SQL frustration - cannot make "obvious" query work well

From: <giuliano.procida_at_googlemail.com>
Date: 30 Nov 2006 05:37:57 -0800
Message-ID: <1164890406.726998.236320@j44g2000cwa.googlegroups.com>

I have a fairly large data set, consisting of slices of points
(essentially in 2-d). Around 100million points in 1million slices.
Points/slice is very skewed (very many with < 10 points, very few > 10000 points).

create table points (

   slice number(10) not null,
   x number(10) not null,
   y number(10) not null,
   value number(10) not null,
   constraint pky primary key (slice, x, y) ) -- organization index -- not currently an IOT, but should be

It so happens that each slice is a meet semi-lattice (i.e, max(x), max(y) over any non-empty subset of a slice is also in the slice).

Typical access is to look at subset of slices (values from another query) and for each slice, look for the the top-right point in a bottom-left quarter-plane and return the slice and value.

The old query selected max(x) for a slice, and max(y) for a slice[, max(x)] and finally the row itself. Doing this in bulk for many slices involves plans with expensives scans and sorts.

There is a very efficient query to fetch a value for a single slice:

SELECT slice, value
FROM (
    SELECT slice, value
    FROM points
    WHERE slice = :slice
    AND x <= :x
    AND y <= :y
    ORDER BY x DESC, y DESC
)
WHERE ROWNUM = 1 The query plan uses the index, and a stopkey.

The query cannot be rewritten to work with subsets of slices:

SELECT slice, precious_data
FROM
  all_slices,
  (
    SELECT slice, value
    FROM (

        SELECT slice, value
        FROM points
        WHERE slice = all_slices.slice
        AND x <= :x
        AND y <= :y
        ORDER BY y DESC, x DESC

    )
    WHERE ROWNUM = 1
  )

ORA-00904: "ALL_SLICES"."SLICE": invalid identifier

The nested, nested query cannot see the top-level table. This is very annoying.

I have tried:

Getting around the 00904 limitation somehow. No luck. This exact issue has popped up to asktom etc. a few times, no solution seems available.
Writing a pipelined function that PIPEs out the single rows returned by the single-slice query, looping over slices returning by a driving query.

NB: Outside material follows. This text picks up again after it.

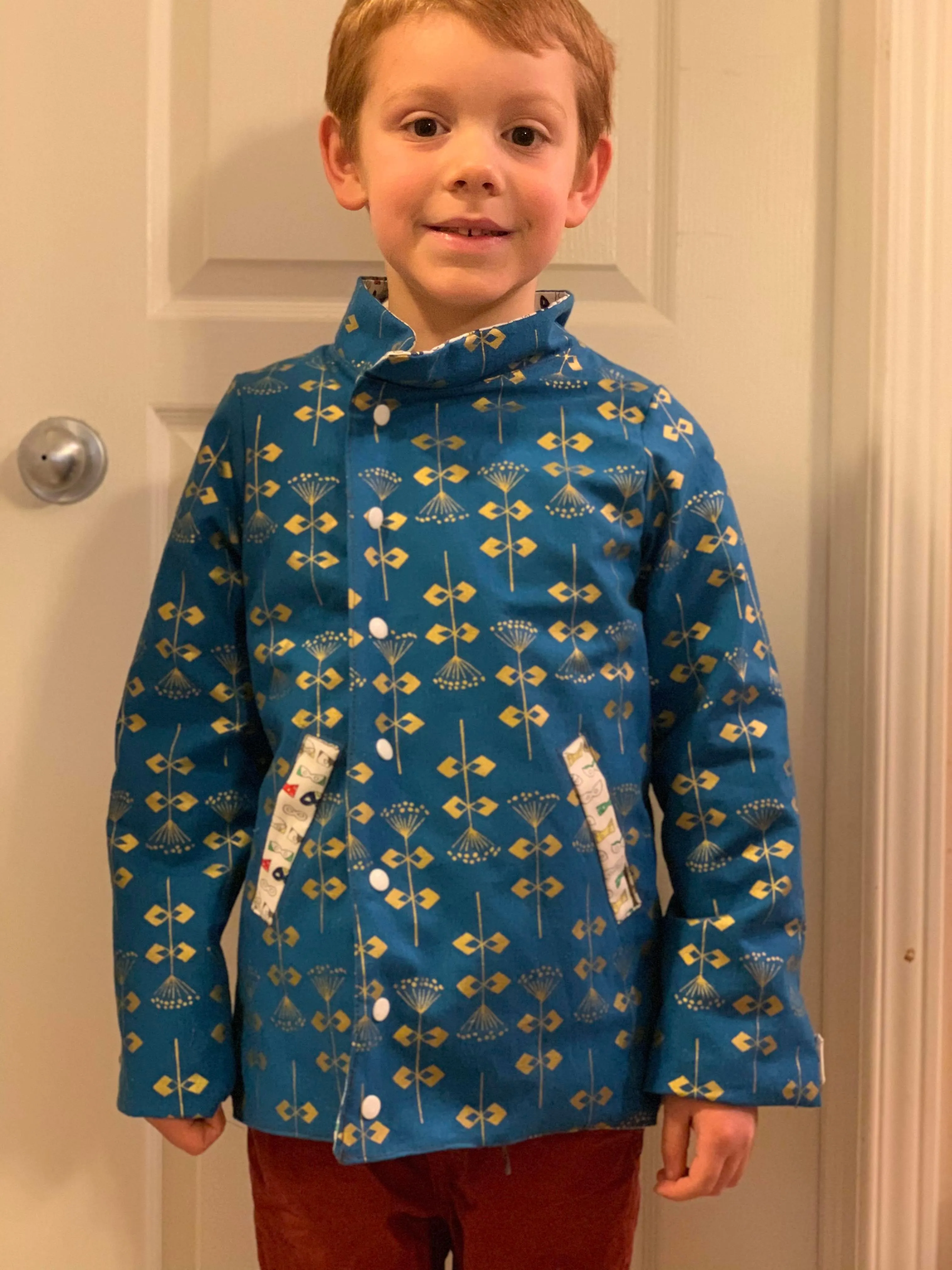 Kids Duke Jacket Pattern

This works a treat, over double the performance of the equivalent query using max(x) subselects, but the driving query varies a lot in the application (50 different queries => 50 functions to put in a package).

c) Writing a version of the pipelined function that takes a cursor returning slices.

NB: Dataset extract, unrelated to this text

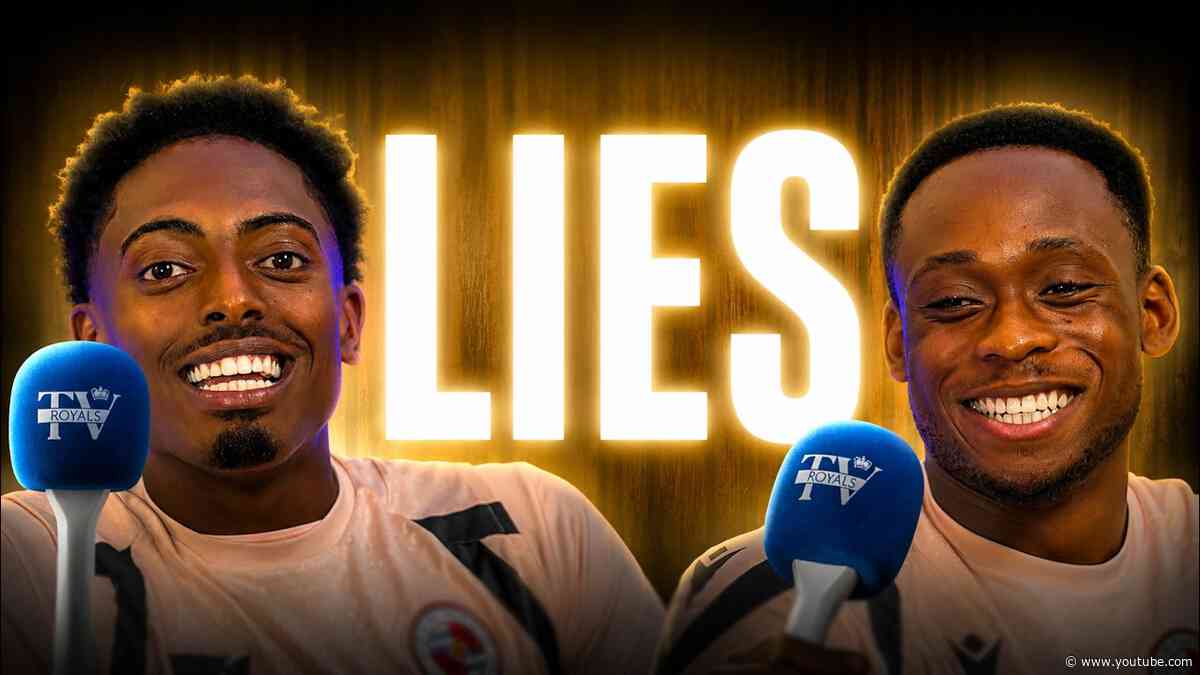 🎵 How many musicians can you name in thirty seconds? | LIES | Kyreece Lisbie & Udoka Godwin-Malife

I thought this would be flexible and as fast as b) but performance is worse than the original max(x), max(y) query.

d) Using Oracle analytics.

Selecting first_value, partitioning by slice and ordering the partitions by the index desc. Oracle ignores the index, fetches a load a data and throws away much. Slower.

e) Simulating spatial/2-d space-filling curves indexes.

Given that most slices are small and that selecting by subsets of the slices is most important, this seemed to be not worth the effort. The data would need to be reindexed by x, y first then slice. Genuine DBMS r-tree etc. indexes are hard to come by and space-filling curves
(fitting a 2-d index into 1-d by mixing together alternating bits of x
and y) give bad behaviour, require an extra column to index and application changes.

I would really like a solution to a), or else get c) to be as fast as b) or as a last resort get the right query plan with d) so that the Oracle just skips through the index as it is supposed to.

Any help appreciated.

Giuliano. Received on Thu Nov 30 2006 - 07:37:57 CST